═════ The data
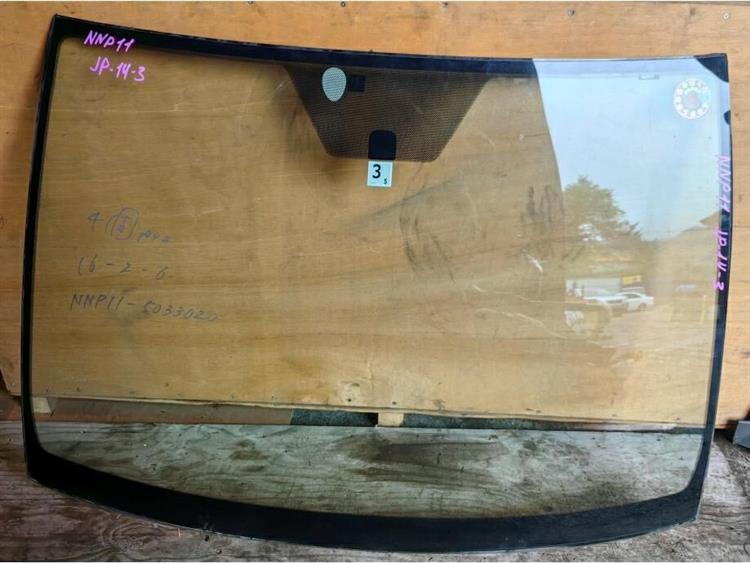 Лобовое стекло Тойота Порте в Таганроге 249528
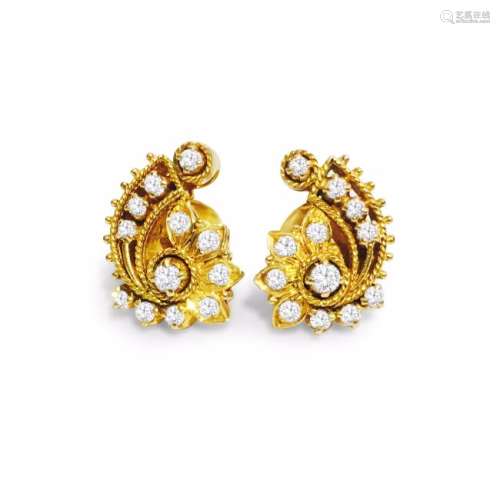 18K Yellow Gold 1 carat vintage Diamond Earrings.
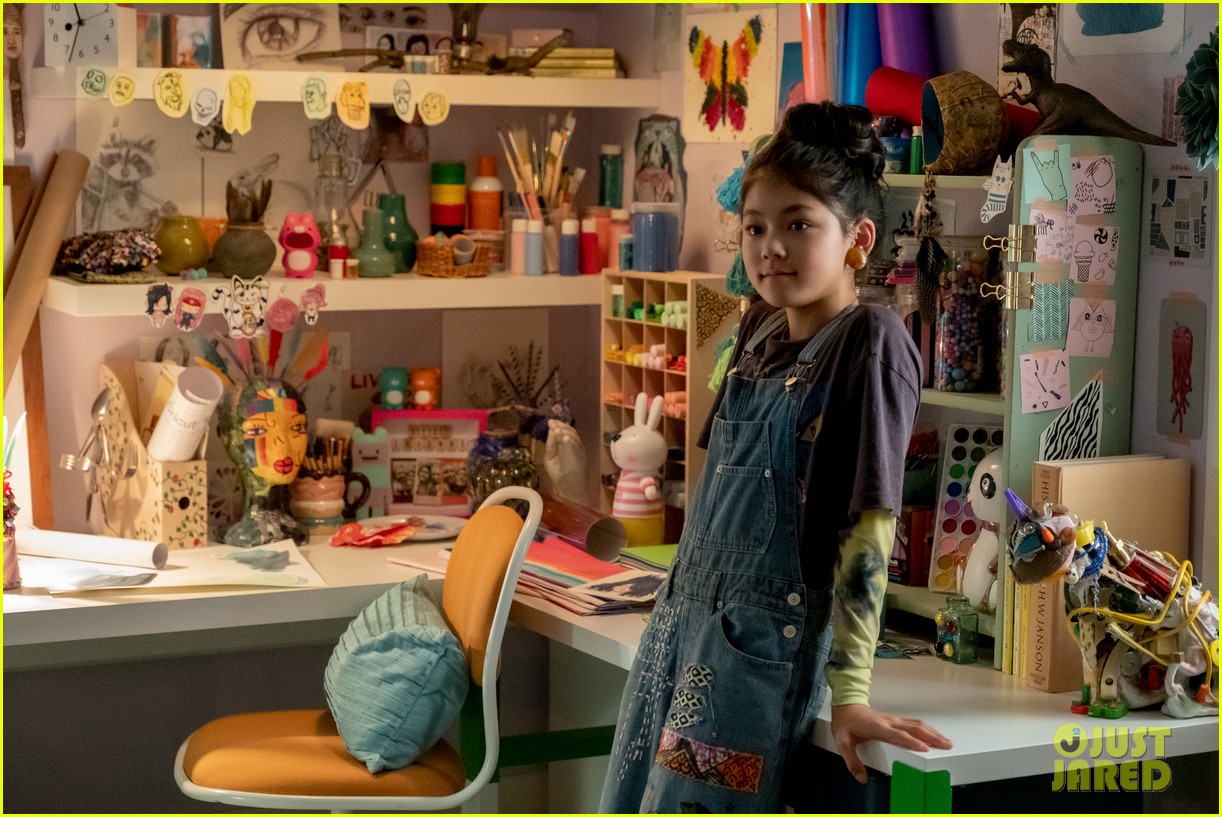 Meet 'The Baby-Sitters Club' Actress Momona Tamada!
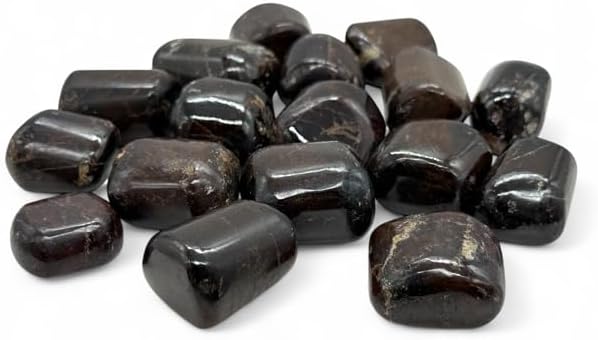 Garnet Tumbled Stone - Healing Stone - Crystal Healing - 20-25mm (1)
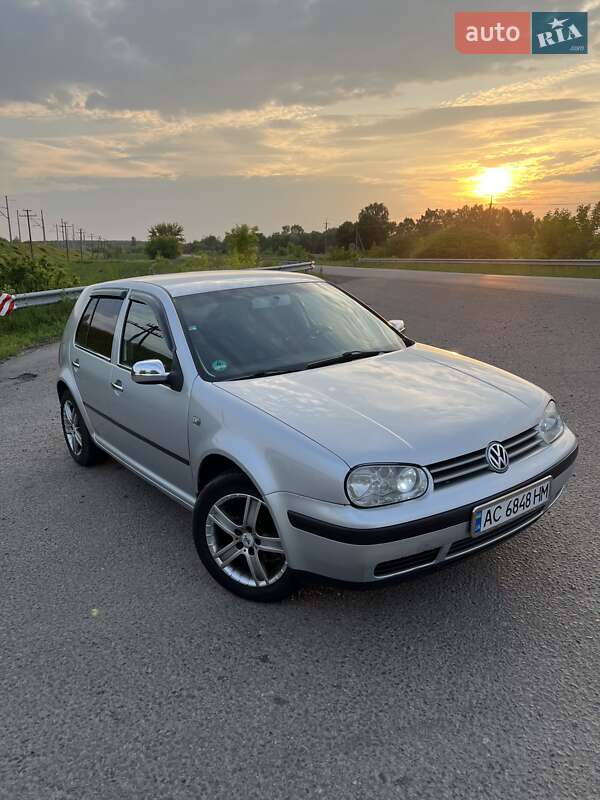 Volkswagen Golf 2001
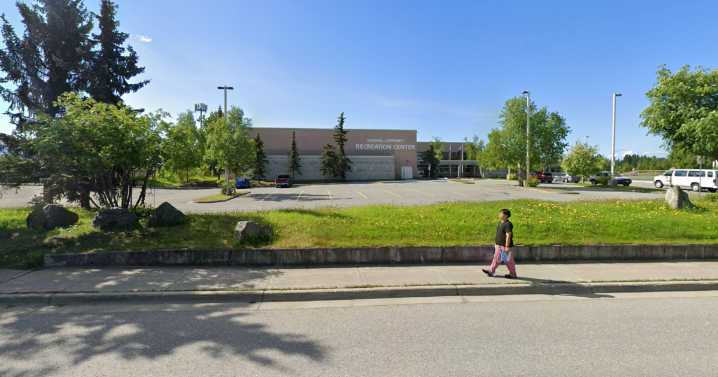 Spenard Rec Center in Anchorage opens temporary shelter for storm evacuees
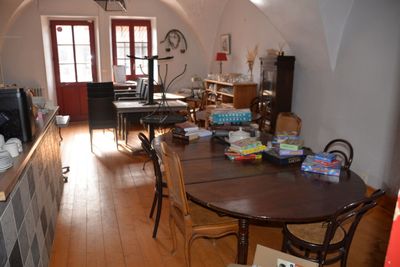 une salle à manger avec une table et des chaises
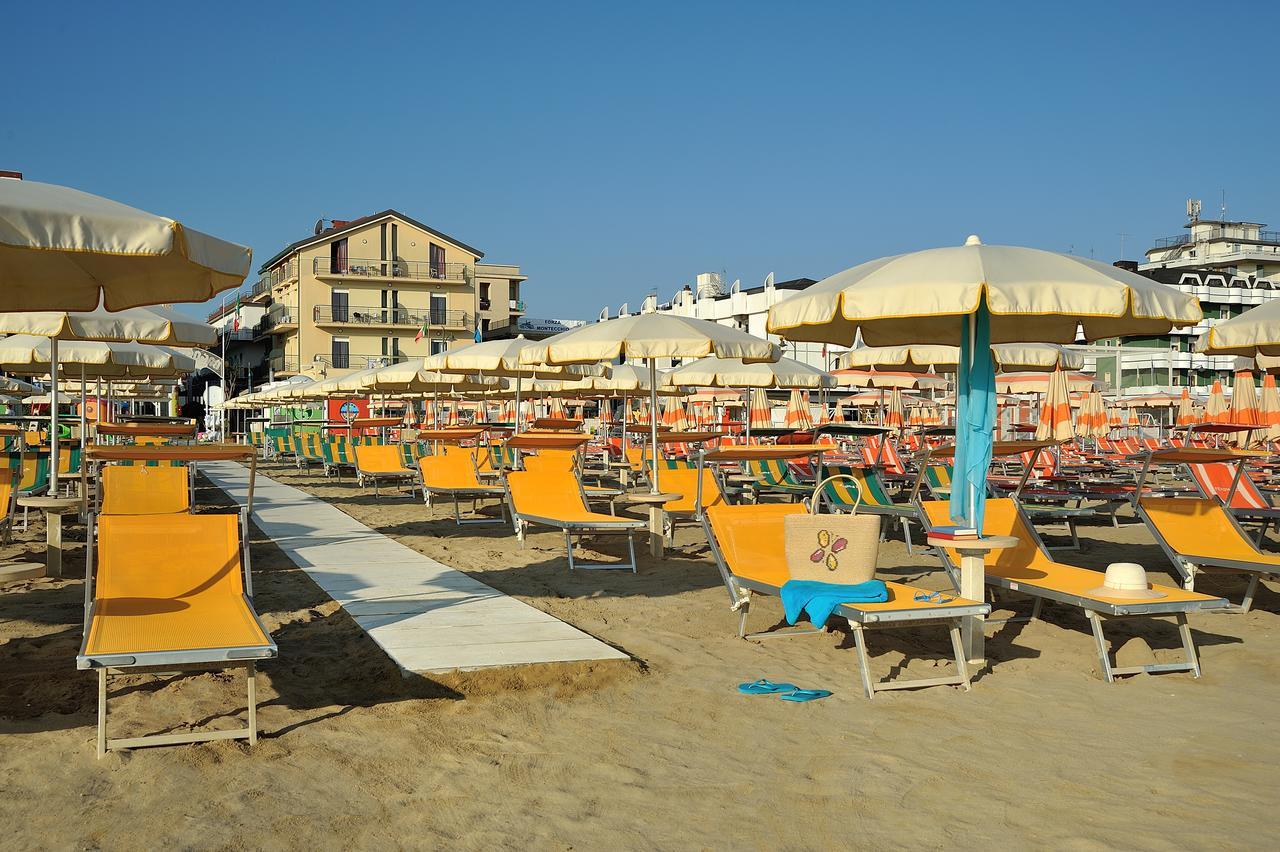 Hotel Bridge Bellaria-Igea Marina Buitenkant foto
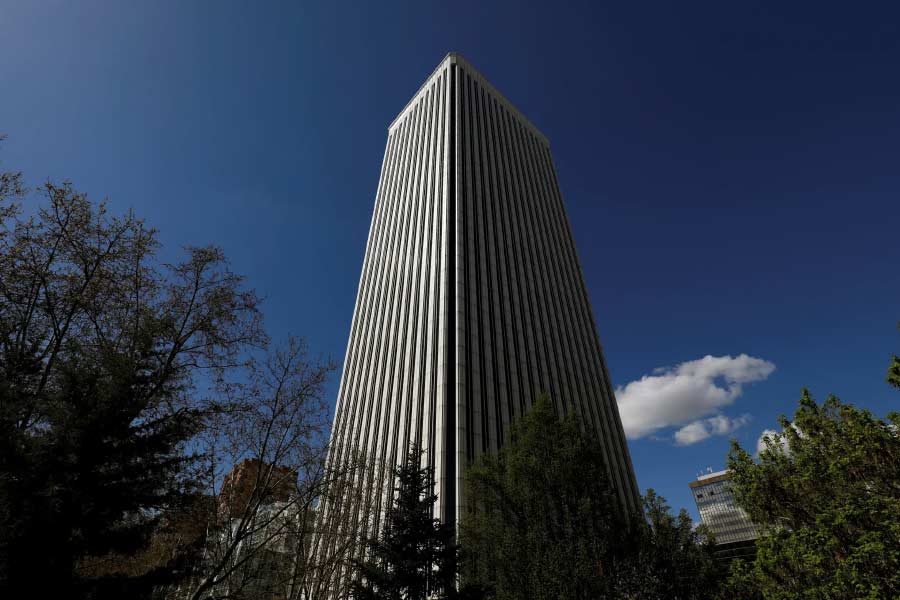 এমন স্বপ্নের বাড়ি কে না চায় বলুন! তবে এই বিলাসবহুল বাড়িতে পা রাখার মতো সাধ্য সকলের নেই। কারণ, বাড়িটির দাম কয়েক কোটি টাকা। এমনই এক বিলাসবহুল বাড়ি কিনে তাক লাগিয়েছেন পোশাক বিপণী ‘জ়ারা’র প্রতিষ্ঠাতা আমানসিও ওর্তেগা।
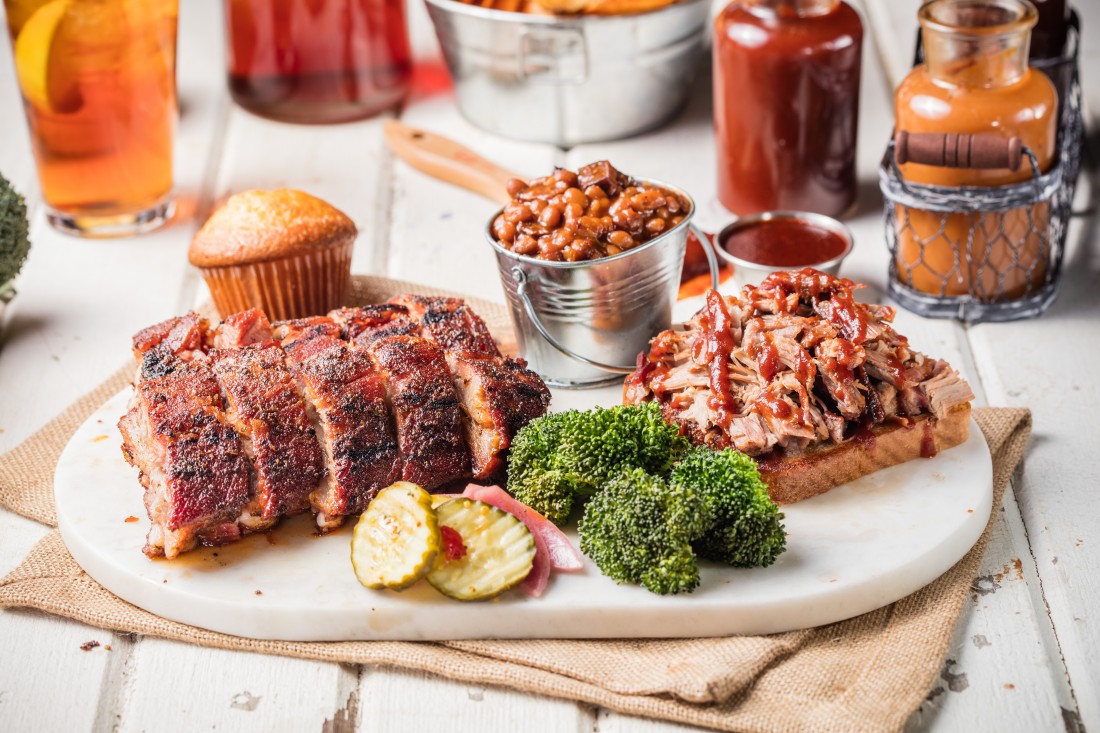 Famous Dave's Bar-B-Que signature dishes Southside Rib Tibs Bucket
One Meat Platter
Two Meat Combo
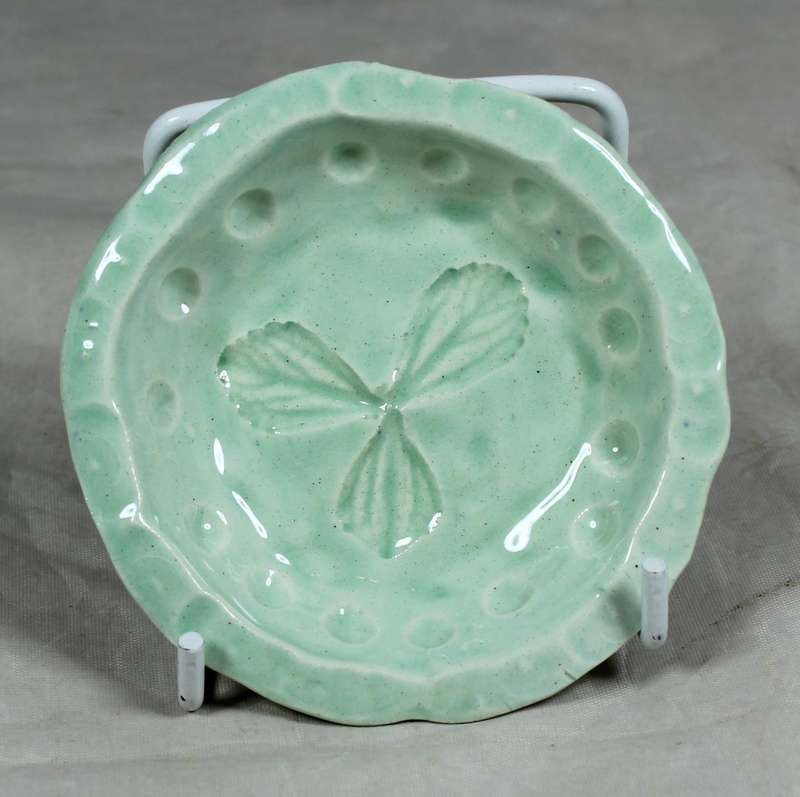 Small ceramic trinket bowl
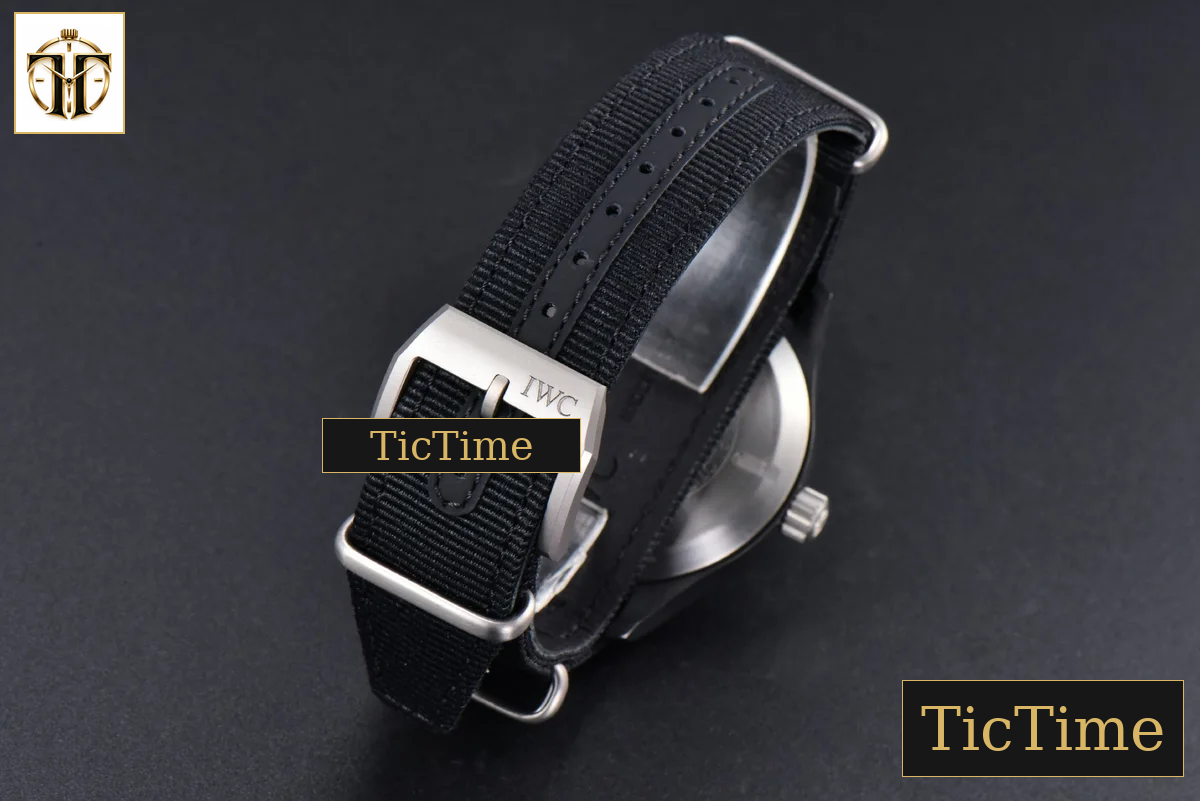 Pilot Top Gun IW326901 41mm ZF Black Ceramic Black Nylon Strap A32111 — foto 17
══════════
**Aim of the exercise**
Give back the entries above exactly as they stand. Leave the images out.

**Problem solution**
 Лобовое стекло Тойота Порте в Таганроге 249528
 18K Yellow Gold 1 carat vintage Diamond Earrings.
 Meet 'The Baby-Sitters Club' Actress Momona Tamada!
 Garnet Tumbled Stone - Healing Stone - Crystal Healing - 20-25mm (1)
 Volkswagen Golf 2001
 Spenard Rec Center in Anchorage opens temporary shelter for storm evacuees
 une salle à manger avec une table et des chaises
 Hotel Bridge Bellaria-Igea Marina Buitenkant foto
 এমন স্বপ্নের বাড়ি কে না চায় বলুন! তবে এই বিলাসবহুল বাড়িতে পা রাখার মতো সাধ্য সকলের নেই। কারণ, বাড়িটির দাম কয়েক কোটি টাকা। এমনই এক বিলাসবহুল বাড়ি কিনে তাক লাগিয়েছেন পোশাক বিপণী ‘জ়ারা’র প্রতিষ্ঠাতা আমানসিও ওর্তেগা।
 Famous Dave's Bar-B-Que signature dishes Southside Rib Tibs Bucket
One Meat Platter
Two Meat Combo
 Small ceramic trinket bowl
 Pilot Top Gun IW326901 41mm ZF Black Ceramic Black Nylon Strap A32111 — foto 17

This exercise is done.